For the three months ended March 31, 2023, we had net income of $1,618,630, which consisted of $2,105,252 realized gain on marketable securities held in the Trust Account, offset by $263,626 in legal and accounting expenses, $117,801 of insurance expense, $103,146 dues and subscriptions expense, and $2,049 of interest, general and administrative expenses.
Liquidity and Capital Resources
As of March 31, 2024 and December 31, 2023, the Company had $91,139 and $138,283 in cash, respectively, and a working capital deficit of $2,387,737 and $1,676,487, respectively, excluding Marketing Securities held in the Trust Account and the Deferred Underwriter Fee liability.
The Company’s liquidity needs through March 31, 2024 had been satisfied through a payment from the Sponsor of $25,000 for Class B ordinary shares, par value $0.0001 per share (“Class B ordinary shares” and shares thereof, “founder shares”), the Initial Public Offering and the sale of the private placement warrants. Additionally, the Company drew on an unsecured promissory note to pay certain offering costs and an unsecured promissory note bearing interest at 4.75% per annum to pay for working capital needs.
The Company has incurred and expects to continue to incur significant costs in pursuit of its financing and acquisition plans. These conditions raise substantial doubt about the Company’s ability to continue as a going concern for a period within one year after the date that the financial statements are issued. Management plans to address this uncertainty through related party loans from the Sponsor, an affiliate of the Sponsor, or certain of the Company’s officers and directors or their affiliates (“Working Capital Loans”) and effecting a Business Combination. However, there is no assurance that the Company’s plans to raise capital or to consummate a Business Combination will be successful or successful within the Combination Period. In addition, management is currently evaluating the impact of various factors that could cause economic uncertainty and volatility in the financial markets, many of which are beyond its control. The business could be impacted by, among other things, downturns in the financial markets or in economic conditions, inflation, increases in interest rates, adverse developments affecting the financial services industry, and geopolitical instability, such as the military conflict in the Ukraine.
These factors, among others, raise substantial doubt about the Company’s ability to continue as a going concern one year from the date these financial statements are issued. These financial statements do not include any adjustments that might result from the outcome of this uncertainty.
Contractual Obligations
We do not have any long-term debt, capital lease obligations, operating lease obligations or long-term liabilities as of March 31, 2024.
The underwriter of the IPO is entitled to a deferred discount of $0.35 per Unit, or $6,641,250 in the aggregate. The deferred discount will become payable to the underwriter from the amounts held in the Trust Account solely in the event that we complete a Business Combination, subject to the terms of the underwriting agreement.

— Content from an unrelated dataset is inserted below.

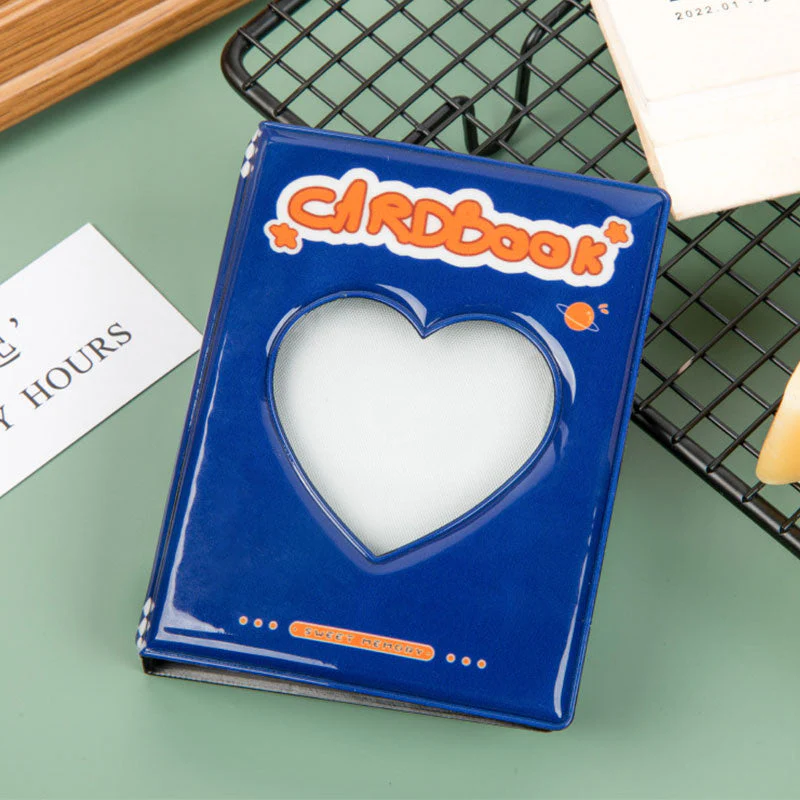HULIANFU Kpop Card Binder 3inch Photo Album Hollow Love Heart Model Photocard Holder Plaid Album Instax Mini Album For Cards Collect Book - Deanwangkt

On November 28, 2023, the Company and the underwriter entered into an agreement under which (i) the Sponsor will transfer 426,000 Class A ordinary shares held by the Sponsor to the underwriter upon the closing of the Company’s initial business combination and (ii) the underwriter will waive the deferred underwriter fee payable and any deferred underwriting commissions payable pursuant to the underwriter agreement dated April 22, 2021. For avoidance of doubt, the agreement applies only if the initial Business Combination is consummated, and the transfer of shares is effective and completed. Except as specifically amended in the agreement, all terms of the underwriting agreement dated April 22, 2021 shall remain in full force and effect.
Commitments and Contingencies
Registration and Shareholder Rights
The holders of the Founder Shares, Private Placement Warrants, and warrants that may be issued upon conversion of Working Capital Loans (and any Class A ordinary shares issuable upon the exercise of the Private Placement Warrants and warrants that may be issued upon conversion of the Working Capital Loans and upon conversion of the Founder Shares) will be entitled to registration rights pursuant to a registration rights agreement to be signed prior to or on the effective date of the Initial Public Offering, requiring the Company to register such securities for resale. The holders will have the right to require us to register for resale these securities pursuant to a shelf registration under Rule 415 under the Securities Act. The holders of a majority of these securities will also be entitled to make up to three demands, plus short form registration demands, that we register such securities. In addition, the holders will be entitled to certain “piggy-back” registration rights with respect to registration statements filed subsequent to our completion of our initial business combination. The Company will bear the expenses incurred in connection with the filing of any such registration statements.